WM Pruszkow
Tokio 2020 im Visier
Die Schweizer Bahnfahrer gehören an den am Mittwoch beginnenden Weltmeisterschaften in Pruszkow nicht zu den Favoriten. Für die verjüngte Equipe geht es in Polen primär darum, sich im Hinblick auf die Olympischen Spiele 2020 in Tokio gut zu positionieren.
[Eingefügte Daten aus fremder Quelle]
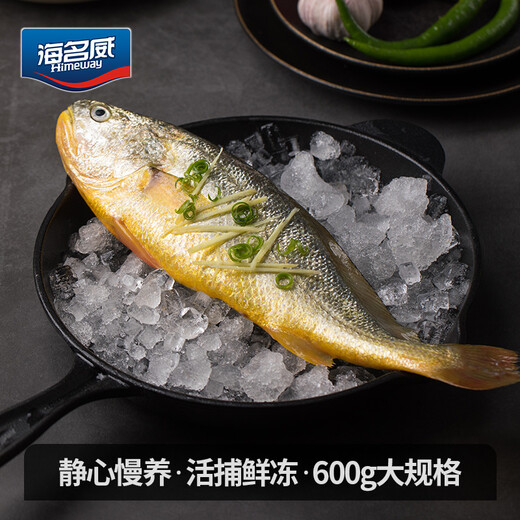 Haimingwei Frozen Ningde Yellow Croaker 600g/piece Large Yellow Croaker Deep Sea Fish Fresh Fish Seafood Mid-Autumn Festival Haimingwei Frozen Ningde Yellow Croaker 600g/piece Large Yellow Croaker Deep Sea Fish Fresh Fish Seafood Mid-Autumn Festival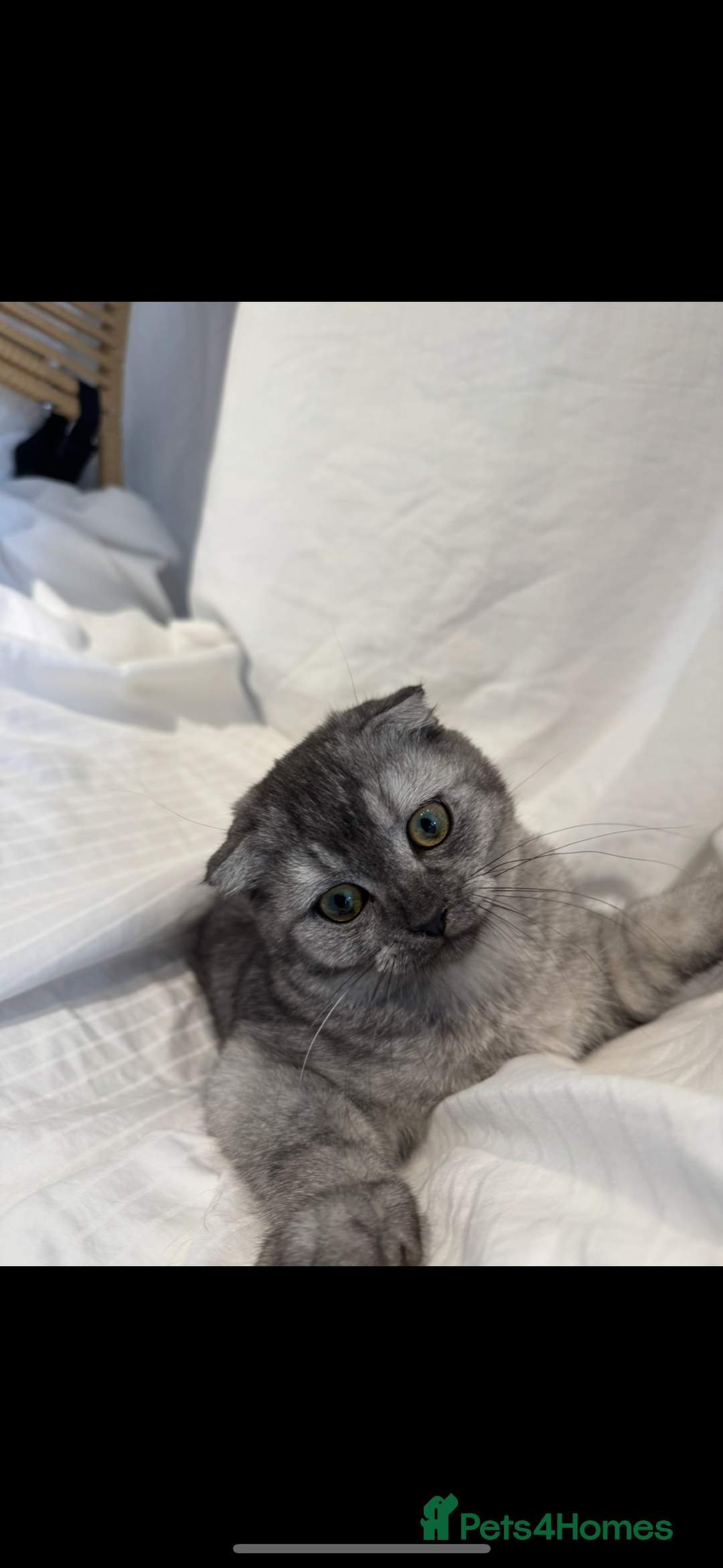 Scottish Fold cats for sale: Scottish Fold Kittens Ready for Permanent Homes ✨ - Image 26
Gleich zu Beginn der Titelkämpfe im Süden Polens steht der Schweizer Bahnvierer im Fokus. Das Aushängeschild des Bahn-Teams von Swiss Cycling überraschte zuletzt mit einem nationalen Rekord. Um fast 1,7 Sekunden blieben Claudio Imhof, Stefan Bissegger, Frank Pasche und Cyrille Thièry Ende Januar beim Weltcup im neuseeländischen Cambridge unter der alten Bestmarke, aufgestellt im letzten August beim sensationellen Gewinn der EM-Silbermedaille in Glasgow.
Trotz der starken Leistung wird es für das Schweizer Quartett in Polen nicht einfach, den 6. WM-Rang aus dem Vorjahr zu bestätigen. Im Jahr vor den Olympischen Spielen ist das internationale Niveau nochmals gestiegen. „Die Topnationen sind alle mit ihren besten Fahrern am Start. Das ist im Weltcup nicht immer der Fall“, sagt Daniel Gisiger, der Schweizer Nationaltrainer. Den Fokus richten die Schweizer deshalb auf die Olympiaqualifikation, die seit der letzten EM läuft und mit der WM im nächsten Jahr enden wird.
In der Mannschaftsverfolgung, die als „Königsdisziplin“ auf der Bahn gilt, dürfen in Tokio lediglich die besten acht Nationen antreten. Die Schweiz belegt im Qualifikations-Ranking derzeit exakt den 8. Rang. „Unser Ziel ist, die direkt hinter uns liegenden Nationen wie Deutschland, Frankreich oder Belgien auf Distanz zu halten“, hält Gisiger fest. „Australien, Grossbritannien, Neuseeland, Dänemark und Italien liegen für uns ausser Reichweite.“ Der Bieler, der nach den Olympischen Spielen 2020 in Pension gehen wird, rechnet daher mit einer Klassierung zwischen den Plätzen 6 und 10. „Die Entscheidung wird wohl im Zehntelbereich fallen.“
Aufsteiger Froidevaux, Leader Imhof
Im Vergleich zur EM von letztem Sommer tritt die Schweiz in Polen mit einem verjüngten Team an. Sechs von zehn Schweizer WM-Startern sind jünger als 23-jährig. Im Aufgebot fehlen unter anderen die routinierten Tristan Marguet (31) und Théry Schir (26), die im Madison (2020 wieder olympisch) zuletzt unter den Erwartungen geblieben sind. An ihrer Stelle erhalten Robin Froidevaux (20) und Nico Selenati (22) eine Chance.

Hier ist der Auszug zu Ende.